WHAT NEEDS TO BE DONE
Nothing but the lines from the one with "Conjunto Ranita Manzanas Niño Cocote" through the end of the records may appear in the answer, each reproduced exactly, pictures omitted.
──────────────────────────────
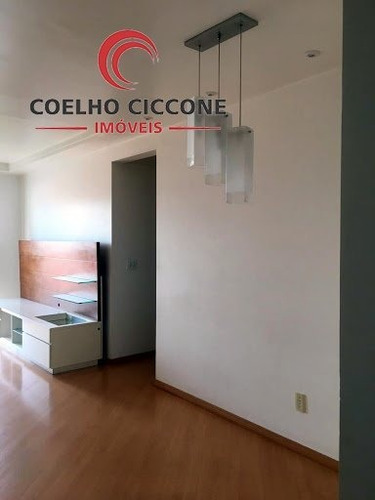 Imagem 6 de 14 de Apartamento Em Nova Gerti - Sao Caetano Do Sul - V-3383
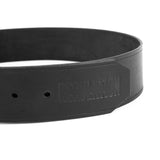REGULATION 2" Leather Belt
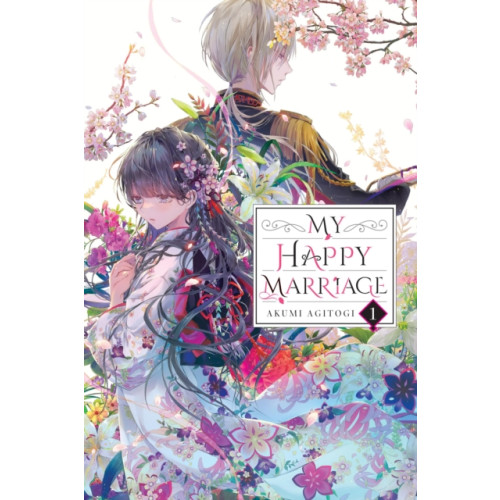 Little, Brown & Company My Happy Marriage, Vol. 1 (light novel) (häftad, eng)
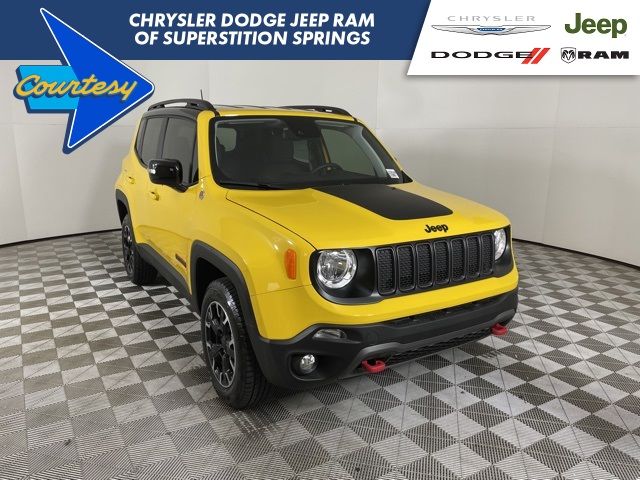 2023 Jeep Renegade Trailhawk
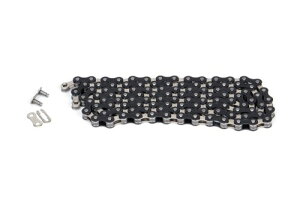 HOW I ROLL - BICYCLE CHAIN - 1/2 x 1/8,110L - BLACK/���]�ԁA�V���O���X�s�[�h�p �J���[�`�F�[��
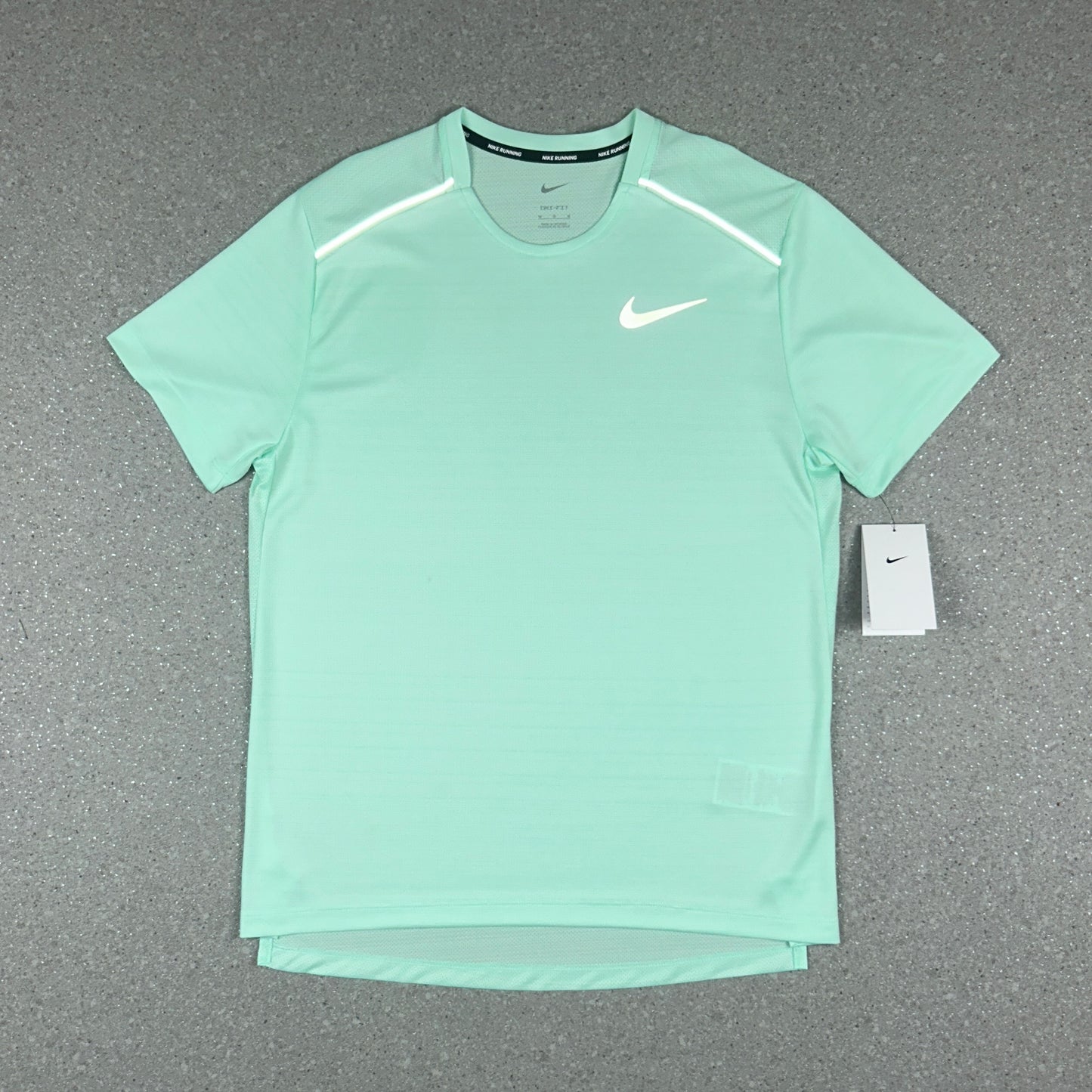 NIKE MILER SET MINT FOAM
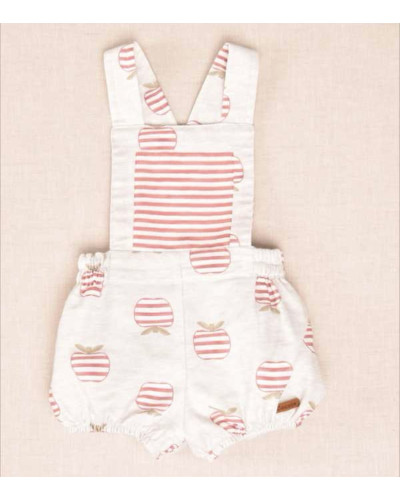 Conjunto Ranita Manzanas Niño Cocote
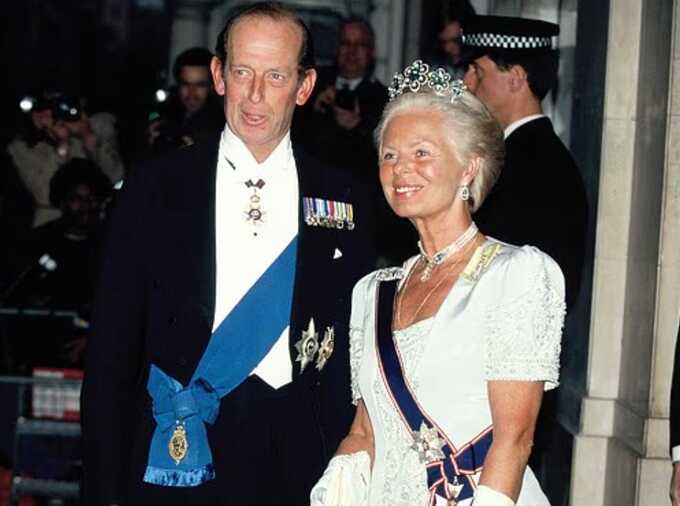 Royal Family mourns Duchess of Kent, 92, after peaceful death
──────────────────────────────
OUTPUT OF THE TASK
 Conjunto Ranita Manzanas Niño Cocote
 Royal Family mourns Duchess of Kent, 92, after peaceful death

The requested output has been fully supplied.